I'm not sure that that would fix the problem.  The problem is that
setting the ring details via /dev/xen/xenbus_backend blocks, which
prevents us launching the xenstored stubdomain, which prevents the
earlier xenbus write being completed.

So long as /dev/xen/xenbus_backend doesn't block, there's no problem
with other /dev/xen/xenbus activity being pending briefly.

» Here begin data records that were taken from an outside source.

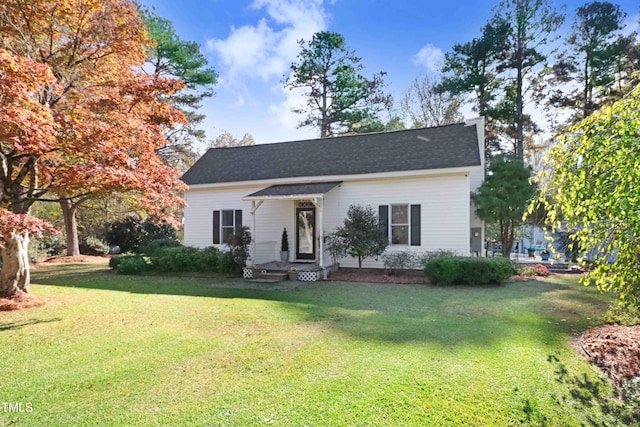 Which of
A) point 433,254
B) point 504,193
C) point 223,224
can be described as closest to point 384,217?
point 433,254

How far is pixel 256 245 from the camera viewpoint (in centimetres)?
1490

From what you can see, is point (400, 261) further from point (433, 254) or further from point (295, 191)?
point (295, 191)

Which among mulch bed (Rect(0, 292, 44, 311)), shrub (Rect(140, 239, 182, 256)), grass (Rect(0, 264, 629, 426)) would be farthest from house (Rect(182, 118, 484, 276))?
mulch bed (Rect(0, 292, 44, 311))

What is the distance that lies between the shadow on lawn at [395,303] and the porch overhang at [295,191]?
124 inches

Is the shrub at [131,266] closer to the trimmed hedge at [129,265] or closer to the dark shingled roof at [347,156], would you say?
the trimmed hedge at [129,265]

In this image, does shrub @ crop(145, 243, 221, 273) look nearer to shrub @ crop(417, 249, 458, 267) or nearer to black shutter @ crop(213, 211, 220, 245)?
black shutter @ crop(213, 211, 220, 245)

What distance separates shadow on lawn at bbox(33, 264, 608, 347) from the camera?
555cm

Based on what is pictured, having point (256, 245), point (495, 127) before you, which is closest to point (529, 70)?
point (495, 127)

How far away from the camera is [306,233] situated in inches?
569

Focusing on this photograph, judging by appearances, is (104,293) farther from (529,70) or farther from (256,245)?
(529,70)

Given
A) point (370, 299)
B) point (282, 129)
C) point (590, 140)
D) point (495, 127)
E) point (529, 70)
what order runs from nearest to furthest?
point (590, 140)
point (370, 299)
point (529, 70)
point (495, 127)
point (282, 129)

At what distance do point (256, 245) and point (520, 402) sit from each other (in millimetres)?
12464

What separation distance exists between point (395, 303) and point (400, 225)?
18.3 ft

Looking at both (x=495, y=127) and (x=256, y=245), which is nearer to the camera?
(x=256, y=245) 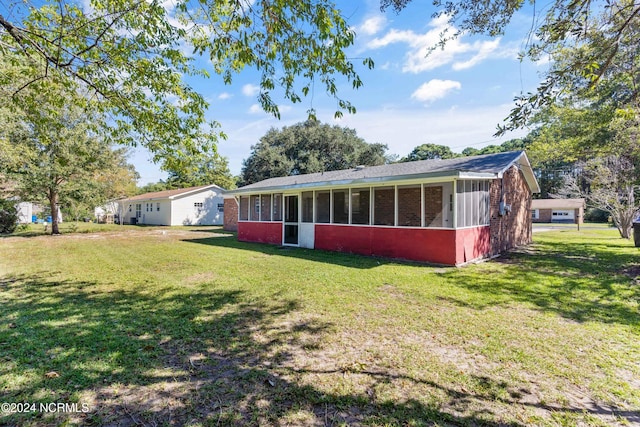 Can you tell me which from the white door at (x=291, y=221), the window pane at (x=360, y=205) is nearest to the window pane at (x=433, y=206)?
the window pane at (x=360, y=205)

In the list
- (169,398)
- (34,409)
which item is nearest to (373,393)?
(169,398)

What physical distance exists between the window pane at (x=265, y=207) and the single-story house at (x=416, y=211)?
1.9 inches

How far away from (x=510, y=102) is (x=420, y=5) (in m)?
2.32

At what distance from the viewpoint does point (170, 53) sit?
5.61 m

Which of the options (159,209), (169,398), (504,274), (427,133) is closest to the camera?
(169,398)

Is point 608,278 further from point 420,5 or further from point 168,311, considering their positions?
point 168,311

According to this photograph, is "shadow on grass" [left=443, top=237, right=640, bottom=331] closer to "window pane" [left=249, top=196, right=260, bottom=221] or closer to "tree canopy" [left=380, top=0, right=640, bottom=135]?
"tree canopy" [left=380, top=0, right=640, bottom=135]

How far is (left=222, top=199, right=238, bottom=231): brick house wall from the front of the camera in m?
23.0

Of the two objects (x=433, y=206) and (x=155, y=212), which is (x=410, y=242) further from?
(x=155, y=212)

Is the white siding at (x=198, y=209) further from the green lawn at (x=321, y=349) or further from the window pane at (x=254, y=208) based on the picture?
the green lawn at (x=321, y=349)

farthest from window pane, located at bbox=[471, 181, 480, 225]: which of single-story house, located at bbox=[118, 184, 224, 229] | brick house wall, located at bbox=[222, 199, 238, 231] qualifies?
single-story house, located at bbox=[118, 184, 224, 229]

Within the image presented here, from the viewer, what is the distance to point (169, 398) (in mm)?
2746

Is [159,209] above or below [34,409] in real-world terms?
above

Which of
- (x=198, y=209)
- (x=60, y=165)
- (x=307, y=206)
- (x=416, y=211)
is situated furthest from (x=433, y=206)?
(x=198, y=209) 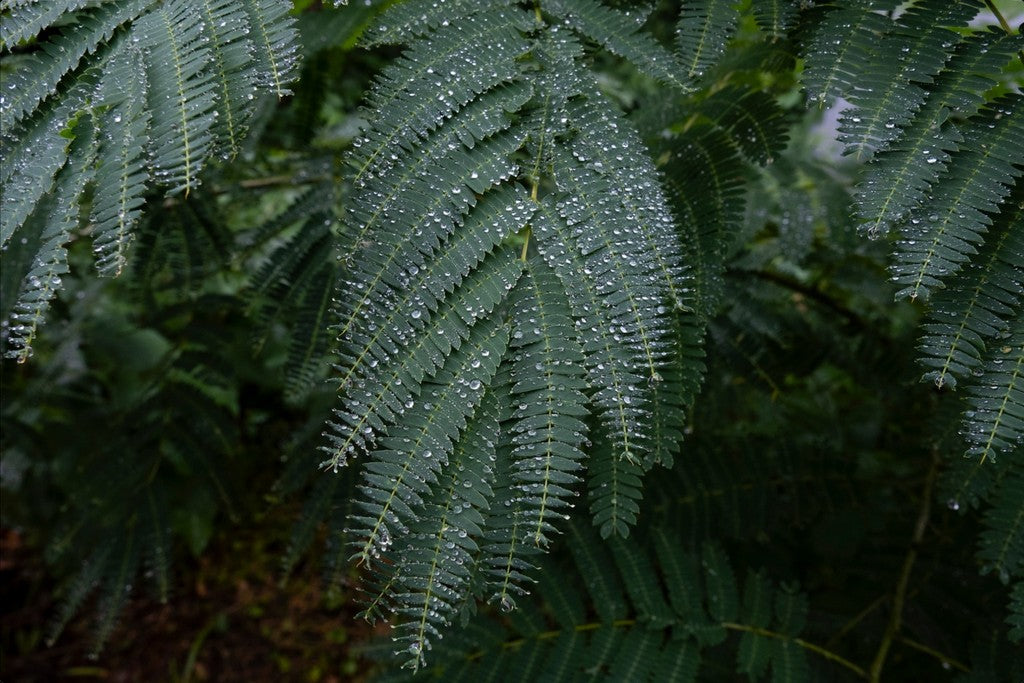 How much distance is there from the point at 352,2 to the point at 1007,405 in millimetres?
1559

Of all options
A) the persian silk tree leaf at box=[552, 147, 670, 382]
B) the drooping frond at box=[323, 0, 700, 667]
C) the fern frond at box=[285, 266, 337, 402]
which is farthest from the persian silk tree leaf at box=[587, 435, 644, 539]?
the fern frond at box=[285, 266, 337, 402]

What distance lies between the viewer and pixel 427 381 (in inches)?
34.4

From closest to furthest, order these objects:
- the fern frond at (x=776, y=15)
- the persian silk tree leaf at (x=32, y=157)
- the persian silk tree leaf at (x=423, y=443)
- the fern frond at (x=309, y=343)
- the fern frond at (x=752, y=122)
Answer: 1. the persian silk tree leaf at (x=423, y=443)
2. the persian silk tree leaf at (x=32, y=157)
3. the fern frond at (x=776, y=15)
4. the fern frond at (x=752, y=122)
5. the fern frond at (x=309, y=343)

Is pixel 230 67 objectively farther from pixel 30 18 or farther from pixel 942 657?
pixel 942 657

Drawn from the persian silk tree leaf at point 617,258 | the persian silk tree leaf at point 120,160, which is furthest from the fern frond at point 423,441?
the persian silk tree leaf at point 120,160

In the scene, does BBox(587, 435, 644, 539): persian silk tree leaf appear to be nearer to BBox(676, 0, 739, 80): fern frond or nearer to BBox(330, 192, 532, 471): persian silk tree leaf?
BBox(330, 192, 532, 471): persian silk tree leaf

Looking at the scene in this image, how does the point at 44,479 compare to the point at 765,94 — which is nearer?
the point at 765,94

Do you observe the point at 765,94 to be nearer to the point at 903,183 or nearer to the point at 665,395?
the point at 903,183

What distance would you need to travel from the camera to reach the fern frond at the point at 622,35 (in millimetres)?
1125

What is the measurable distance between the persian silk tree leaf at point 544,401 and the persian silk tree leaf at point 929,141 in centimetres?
43

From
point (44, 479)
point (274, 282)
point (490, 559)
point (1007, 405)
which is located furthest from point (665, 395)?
point (44, 479)

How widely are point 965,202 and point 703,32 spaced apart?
1.56 ft

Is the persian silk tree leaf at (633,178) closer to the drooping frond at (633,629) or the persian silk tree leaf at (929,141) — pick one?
the persian silk tree leaf at (929,141)

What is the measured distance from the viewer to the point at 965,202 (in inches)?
37.1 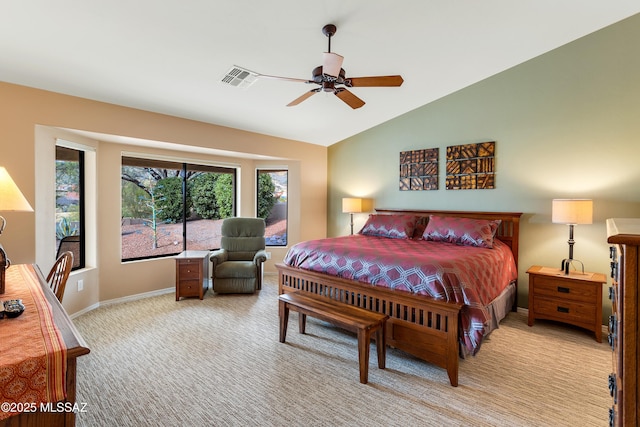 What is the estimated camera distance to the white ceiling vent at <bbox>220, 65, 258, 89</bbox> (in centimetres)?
312

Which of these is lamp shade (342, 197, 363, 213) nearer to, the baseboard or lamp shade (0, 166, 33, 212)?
the baseboard

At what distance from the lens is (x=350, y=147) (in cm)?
573

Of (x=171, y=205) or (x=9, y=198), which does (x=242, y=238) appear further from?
(x=9, y=198)

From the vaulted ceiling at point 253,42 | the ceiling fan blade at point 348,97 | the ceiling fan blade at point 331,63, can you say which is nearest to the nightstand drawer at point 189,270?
the vaulted ceiling at point 253,42

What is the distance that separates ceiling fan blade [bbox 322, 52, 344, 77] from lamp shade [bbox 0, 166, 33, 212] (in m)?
2.25

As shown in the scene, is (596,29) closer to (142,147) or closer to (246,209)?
(246,209)

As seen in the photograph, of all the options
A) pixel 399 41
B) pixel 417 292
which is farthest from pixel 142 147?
pixel 417 292

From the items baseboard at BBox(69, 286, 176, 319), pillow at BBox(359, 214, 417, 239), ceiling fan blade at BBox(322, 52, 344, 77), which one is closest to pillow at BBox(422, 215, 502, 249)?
pillow at BBox(359, 214, 417, 239)

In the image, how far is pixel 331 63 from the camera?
7.62 feet

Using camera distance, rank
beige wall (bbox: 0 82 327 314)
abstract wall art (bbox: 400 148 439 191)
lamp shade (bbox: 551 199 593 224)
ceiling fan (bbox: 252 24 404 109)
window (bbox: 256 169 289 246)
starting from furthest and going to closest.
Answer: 1. window (bbox: 256 169 289 246)
2. abstract wall art (bbox: 400 148 439 191)
3. lamp shade (bbox: 551 199 593 224)
4. beige wall (bbox: 0 82 327 314)
5. ceiling fan (bbox: 252 24 404 109)

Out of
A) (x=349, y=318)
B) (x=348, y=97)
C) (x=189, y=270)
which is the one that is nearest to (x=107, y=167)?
(x=189, y=270)

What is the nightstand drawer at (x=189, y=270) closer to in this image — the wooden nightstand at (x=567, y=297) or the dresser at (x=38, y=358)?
the dresser at (x=38, y=358)

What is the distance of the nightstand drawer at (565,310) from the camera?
9.91ft

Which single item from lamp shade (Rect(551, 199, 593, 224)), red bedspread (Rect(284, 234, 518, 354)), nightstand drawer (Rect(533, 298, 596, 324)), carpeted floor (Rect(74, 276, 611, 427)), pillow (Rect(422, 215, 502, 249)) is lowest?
carpeted floor (Rect(74, 276, 611, 427)) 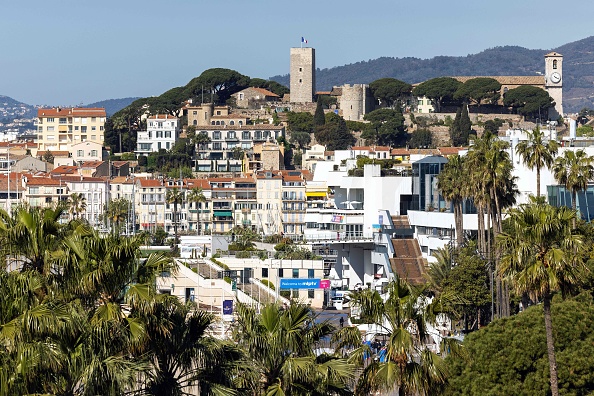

Looking at the current logic, I'm not completely convinced.  Even
finding a filled-in evtchn/gfn doesn't mean that xenstored is actually
ready.

There are 3 possible cases.

1) PV guest, and details in start_info
2) HVM guest, and details in HVM_PARAMs
3) No details (expected for dom0).  Something in userspace must provide
details at a later point.

So the setup phases go from nothing, to having ring details, to finding
the ring working.

I think it would be prudent to try reading a key between having details
and declaring the xenstored_ready.  Any activity, even XS_ERROR,
indicates that the other end of the ring is listening.

>
>> 2) If xenstore-watch is running when xenstored dies, it spins at 100%
>> cpu usage making no system calls at all.  This is caused by bad error
>> handling from xs_watch(), and attempting to debug found:
>
> Can you expand on "bad error handling from xs_watch()", please?

do_watch() has

    for ( ... ) { // defaults to an infinite loop
        vec = xs_read_watch();
        if (vec == NULL)
            continue;
        ...
    }


My next plan was to experiment with break instead of continue, which
I'll get to at some point.

>
>>
>> 3) (this issue).  If anyone starts xenstore-watch with no xenstored
>> running at all, it blocks in D in the kernel.
>
> Should be handled with solution for 1).
>
>>
>> The cause is the special handling for watch/unwatch commands which,
>> instead of just queuing up the data for xenstore, explicitly waits for
>> an OK for registering the watch.  This causes a write() system call to
>> block waiting for a non-existent entity to reply.
>>
>> So while this patch does resolve the major usability issue I found (I
>> can't even SIGINT and get my terminal back), I think there are issues.
>>
>> The reason why XS_WATCH/XS_UNWATCH are special cased is because they do
>> require special handling.  The main kernel thread for processing
>> incoming data from xenstored does need to know how to associate each
>> async XS_WATCH_EVENT to the caller who watched the path.
>>
>> Therefore, depending on when this cancellation hits, we might be in any
>> of the following states:
>>
>> 1) the watch is queued in the kernel, but not even sent to xenstored yet
>> 2) the watch is queued in the xenstored ring, but not acted upon
>> 3) the watch is queued in the xenstored ring, and the xenstored has seen
>> it but not replied yet
>> 4) the watch has been processed, but the XS_WATCH reply hasn't been
>> received yet
>> 5) the watch has been processed, and the XS_WATCH reply received
>>
>> State 5 (and a little bit) is the normal success path when xenstored has
>> acted upon the request, and the internal kernel infrastructure is set up
>> appropriately to handle XS_WATCH_EVENTs.
>>
>> States 1 and 2 can be very common if there is no xenstored (or at least,
>> it hasn't started up yet).  In reality, there is either no xenstored, or
>> it is up and running (and for a period of time during system startup,
>> these cases occur in sequence).
>
> Yes. this is the reason we can't just reject a user request if xenstored
> hasn't been detected yet: it could be just starting.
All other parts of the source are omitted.